Working at something this intense for a week leaves you drained. Work, travel to/from work, eat a little, (mostly MRE's and their blue collar cousins, "Heater Meals"), sleep... that seems to be all there was time for. Strange room, strange bed, strange flying area... I was even flying a BK117 that I wasn't familiar with, and there are dozens of differences in each of the aircraft that make it stressful trying to get the job done properly. Having to coordinate flying in a "Restricted" area with hundreds of other aircraft zooming around trying to do their thing... all the stress mounts up after a while. I was ready to come home. I worry a little about others... some pilots came straight from Hurricane Gustav relief to assist with Hurricane Ike. I don't know how they can do it.

Things are winding down in Galveston and Houston. Slowly but surely, electricity is being restored. When homeowners are allowed to return to their properties, I think we'll hear the majority of those homes have serious water damage, and many that appear undamaged will still be torn down due to mold/mud or structural damage. Galveston will be YEARS returning to normal.

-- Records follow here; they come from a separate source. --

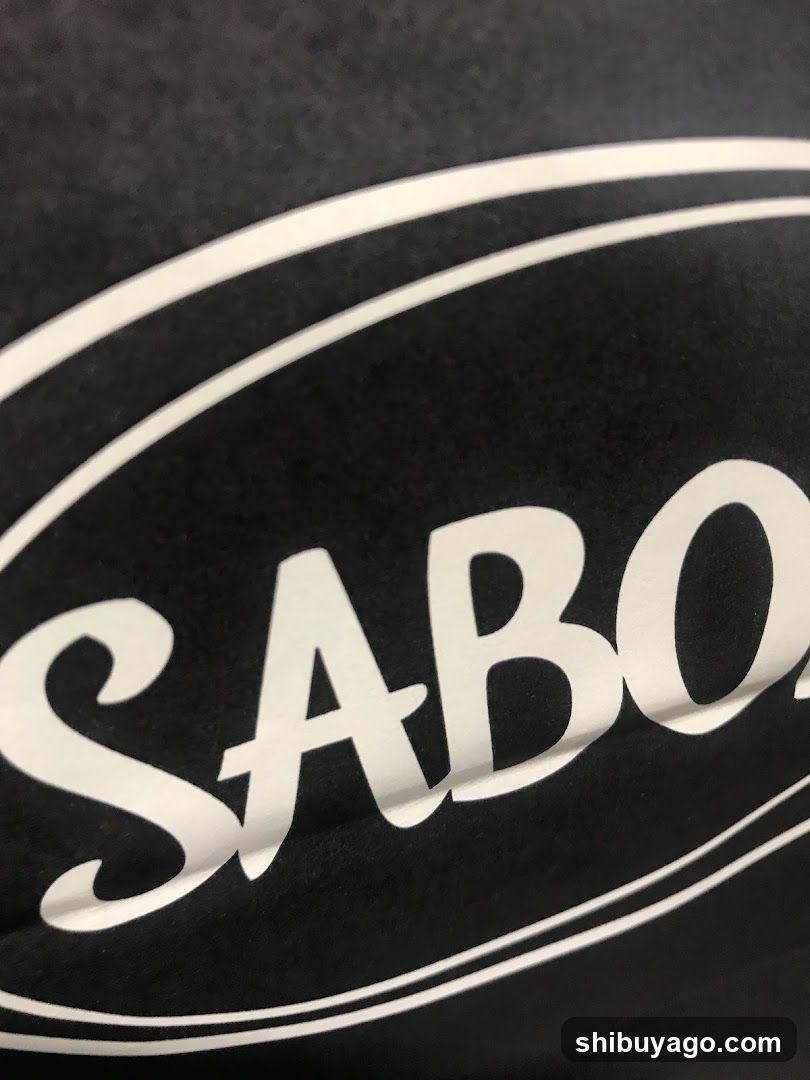 Sabon Logo on Black Fabric
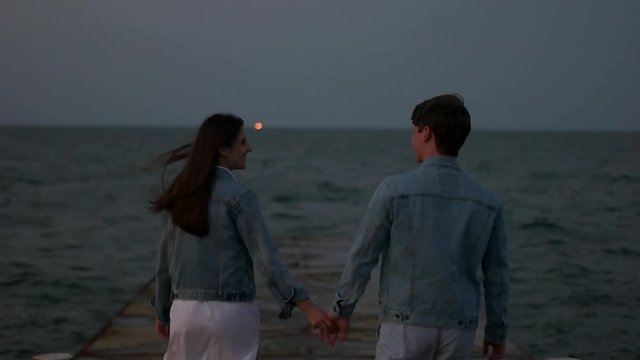 couple walking on the sea berth.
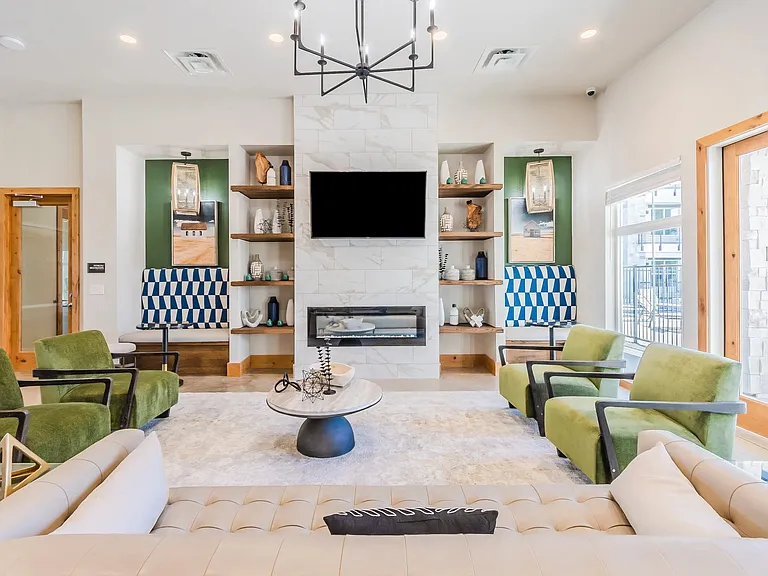 Welcome to Southgate Apartments, where modern design meets comfort. Our stylish lounge features cozy seating, a contemporary fireplace, and vibrant decor, perfect for relaxing or entertaining. Tour today and see your new home!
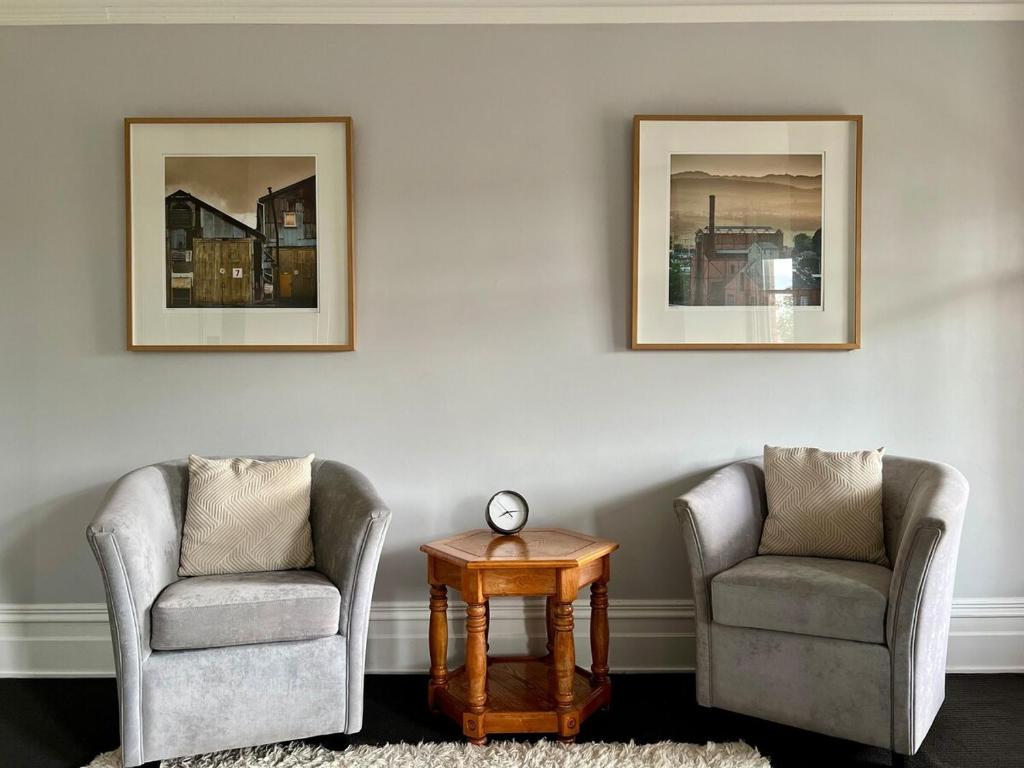 two chairs and a table in a room at Charming Heritage Home in Launceston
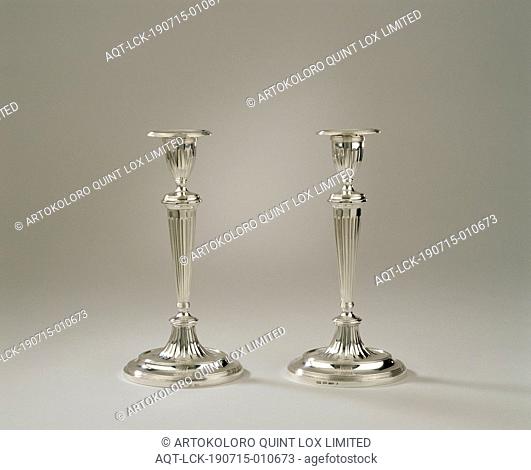 Candlestick with the Clifford family crest, The oval candlesticks with loose fat traps rest on a base, which is made up of two arched sections above a...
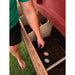 Person collecting eggs from the exterior nesting box of an OverEZ Large Chicken Coop.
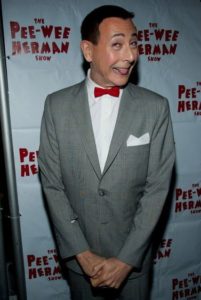 Paul Reubens posing in front of The Pee-wee Herman show’s flex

We are on our way to Indianapolis today to visit friends and attend an Irish Festival there.
A wrap-up on my "IKE week" will have to wait until I've had time to take a deep breath and recover.
Thanks again everyone for your comments and kind thoughts.

4 comments:

OlePrairiedog said...

Home Safely, mission accomplished. Proud of you, Stay safe.

THIRDWAVEDAVE said...

Take your time, rest up. Glad you made it back safely. We'll be here waiting.

The Old Man said...

And doing Gustav followed by Ike differs from 12 months in the Central Highlands of Afghanistan or the RVN how? If ya didn't love it, ya couldn't do it. And you obviously do.

Greybeard said...

An interesting insight on your part, my bro. More than once last week I made the comment that this operation was not at all unlike a military op.
Same "hurry up and wait" feeling. Same "slightly out of control" feeling.

Exciting, stressful, and, once the job was done, satisfying.